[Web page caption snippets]
· · · · ·

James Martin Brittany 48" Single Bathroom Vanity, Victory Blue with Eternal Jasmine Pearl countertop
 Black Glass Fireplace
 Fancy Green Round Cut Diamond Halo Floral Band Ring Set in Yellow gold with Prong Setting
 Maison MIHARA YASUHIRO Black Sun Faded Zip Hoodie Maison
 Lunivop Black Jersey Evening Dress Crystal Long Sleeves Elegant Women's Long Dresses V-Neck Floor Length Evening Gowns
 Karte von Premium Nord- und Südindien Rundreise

· · · · ·

DESCRIPTION OF THE TASK -> Find the lines above that contain the word "with" and collect them.

ANSWER FOR THE TASK ->
James Martin Brittany 48" Single Bathroom Vanity, Victory Blue with Eternal Jasmine Pearl countertop
 Fancy Green Round Cut Diamond Halo Floral Band Ring Set in Yellow gold with Prong Setting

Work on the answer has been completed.